PROVIDED RECORDS:
---+---

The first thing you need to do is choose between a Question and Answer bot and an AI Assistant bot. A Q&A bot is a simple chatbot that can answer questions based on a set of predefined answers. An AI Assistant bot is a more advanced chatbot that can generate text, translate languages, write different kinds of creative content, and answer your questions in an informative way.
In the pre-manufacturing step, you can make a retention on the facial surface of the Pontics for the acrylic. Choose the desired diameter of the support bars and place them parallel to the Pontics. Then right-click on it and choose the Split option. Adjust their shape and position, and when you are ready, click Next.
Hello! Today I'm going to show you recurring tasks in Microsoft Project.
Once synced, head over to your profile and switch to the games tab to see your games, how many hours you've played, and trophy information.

---+---

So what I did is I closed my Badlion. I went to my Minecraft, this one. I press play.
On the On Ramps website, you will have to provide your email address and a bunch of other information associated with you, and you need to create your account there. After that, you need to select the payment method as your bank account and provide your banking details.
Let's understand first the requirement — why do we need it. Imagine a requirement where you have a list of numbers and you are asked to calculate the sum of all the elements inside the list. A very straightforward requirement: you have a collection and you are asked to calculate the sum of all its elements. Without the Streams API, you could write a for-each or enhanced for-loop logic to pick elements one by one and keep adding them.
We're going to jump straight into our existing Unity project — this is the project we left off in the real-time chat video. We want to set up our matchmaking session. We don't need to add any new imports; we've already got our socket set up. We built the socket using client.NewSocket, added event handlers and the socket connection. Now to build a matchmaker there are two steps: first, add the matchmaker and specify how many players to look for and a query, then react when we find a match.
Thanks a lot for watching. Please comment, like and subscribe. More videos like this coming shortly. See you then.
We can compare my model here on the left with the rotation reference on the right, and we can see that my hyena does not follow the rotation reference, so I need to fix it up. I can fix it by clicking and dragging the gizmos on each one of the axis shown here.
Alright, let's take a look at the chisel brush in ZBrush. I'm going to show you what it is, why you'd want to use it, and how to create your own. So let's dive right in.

---+---

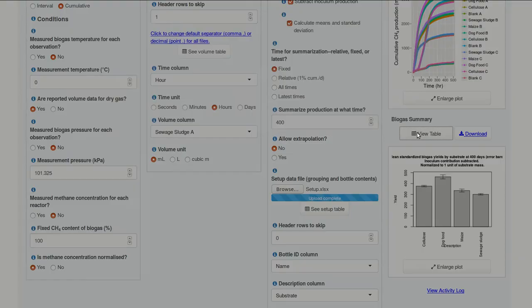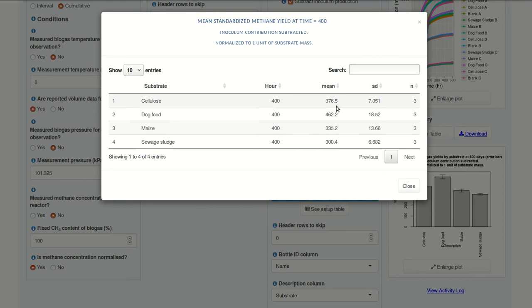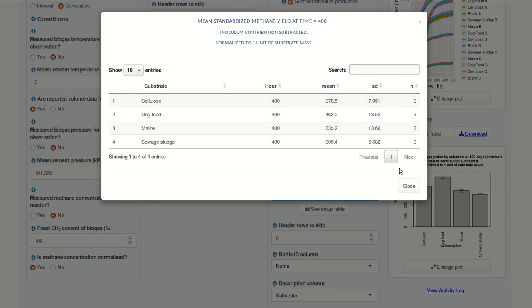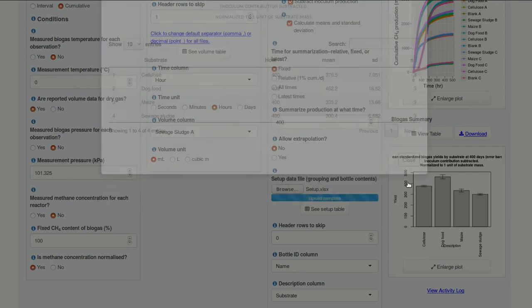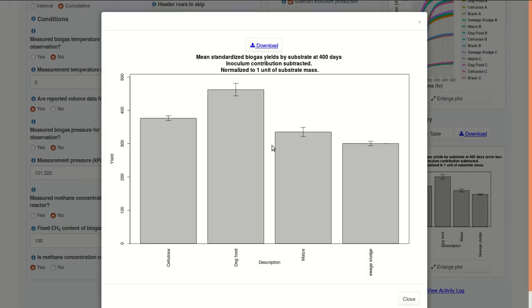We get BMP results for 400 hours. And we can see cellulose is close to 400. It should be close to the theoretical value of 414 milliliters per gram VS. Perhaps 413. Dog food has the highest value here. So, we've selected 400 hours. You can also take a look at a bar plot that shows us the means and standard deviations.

---+---

WHAT TO PRODUCE: All lines above from the line with "Let's understand first" through the line with "We can compare", both included, are to be set down exactly, with nothing else.

ANSWER SECTION:
Let's understand first the requirement — why do we need it. Imagine a requirement where you have a list of numbers and you are asked to calculate the sum of all the elements inside the list. A very straightforward requirement: you have a collection and you are asked to calculate the sum of all its elements. Without the Streams API, you could write a for-each or enhanced for-loop logic to pick elements one by one and keep adding them.
We're going to jump straight into our existing Unity project — this is the project we left off in the real-time chat video. We want to set up our matchmaking session. We don't need to add any new imports; we've already got our socket set up. We built the socket using client.NewSocket, added event handlers and the socket connection. Now to build a matchmaker there are two steps: first, add the matchmaker and specify how many players to look for and a query, then react when we find a match.
Thanks a lot for watching. Please comment, like and subscribe. More videos like this coming shortly. See you then.
We can compare my model here on the left with the rotation reference on the right, and we can see that my hyena does not follow the rotation reference, so I need to fix it up. I can fix it by clicking and dragging the gizmos on each one of the axis shown here.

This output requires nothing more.